It costs British industry an estimated £lbn a year to control
and remove the lime scale that furs up pipes and heating elements,
increasing pumping costs and reducing energy efficiency. Now to
the surprise of sceptics, researchers at Cranfleld University’s
School of Water Sciences say that magnets clamped around
a water pipe can, under the right conditions, cut
scale formation by up to 50 per cent. The scepticism is
understandable: magic magnets have been credited with a range of
benefits including increases in the milk yield of cows and growing
bigger watermelons.
Simon Parsons, who heads the Cranfield research programme, says:
“I was sceptical before I started. What we have found is that
by applying a strong magnetic field at right angles to the flow
under specific conditions of acidity. temperature and water quality,
you can affect the properties of the solution. “If you get
the conditions right, scale deposition is reduced by 50 per cent
and the scale produced is powdery. It can almost be brushed off.”
His team is exploring how varying water conditions affect the process.
The test rigs used in the research are simple heat exchanger systems.

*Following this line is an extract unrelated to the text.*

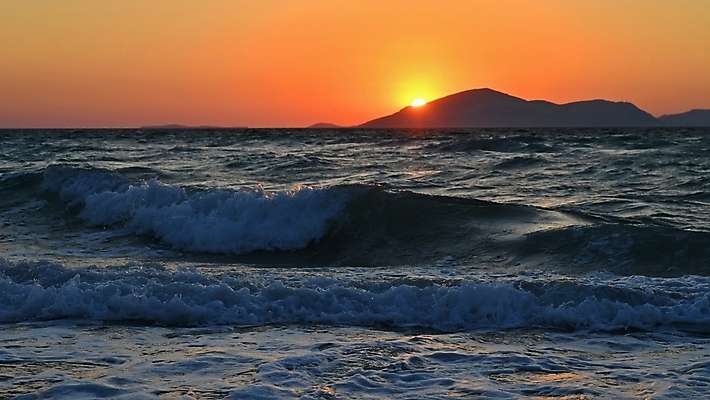 포토 JPG 해외이미지 파도 바다 섬 자연 하늘 아침 사람없음 야외 햇빛 태양 일출 맑음 해외포토 주간 자연요소 날씨 노을 생태계 파일형식 이미지허브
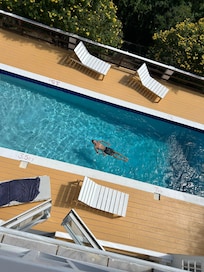 Having a private pool was fantastic! On the lower level, there was also a giant sunroom that led to a bathroom with a shower. There were plenty of beach towels for us to use and chair cushions that were very comfy to put on the sun loungers.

If scale formation in real heat exchangers could be reduced by 50
per cent, the savings could be very large, he says,
The Cranfield work — financed by an Engineering and Physical
Sciences Research Council grant — is likely to interest organisations
using steam for process heat or operating large-scale space heating
systems.
The oil industry is already interested. Oil wells face significant
scaling problems from the highly mineralised waters extracted along
with the oil. Chemical treatment costs are high, as much as £500,000
a year for a typical North Sea platform, and some magnetic devices
are being tested. We know such devices work,” says Alan Hunton,
an oil industry consultant. “The reason why the technology
is not more widely used is that we have not yet found a really good
explanation of how it works.”
A seminar at Cranfield attracted academic researchers worldwide
to discuss the process.
One theory is that the devices change the surface charge on dissolved
ions, affecting the way in which they crystallise. With magnetic
treatment more particles remain in suspension and those that settle
on heated surfaces have a chalk-like consistency.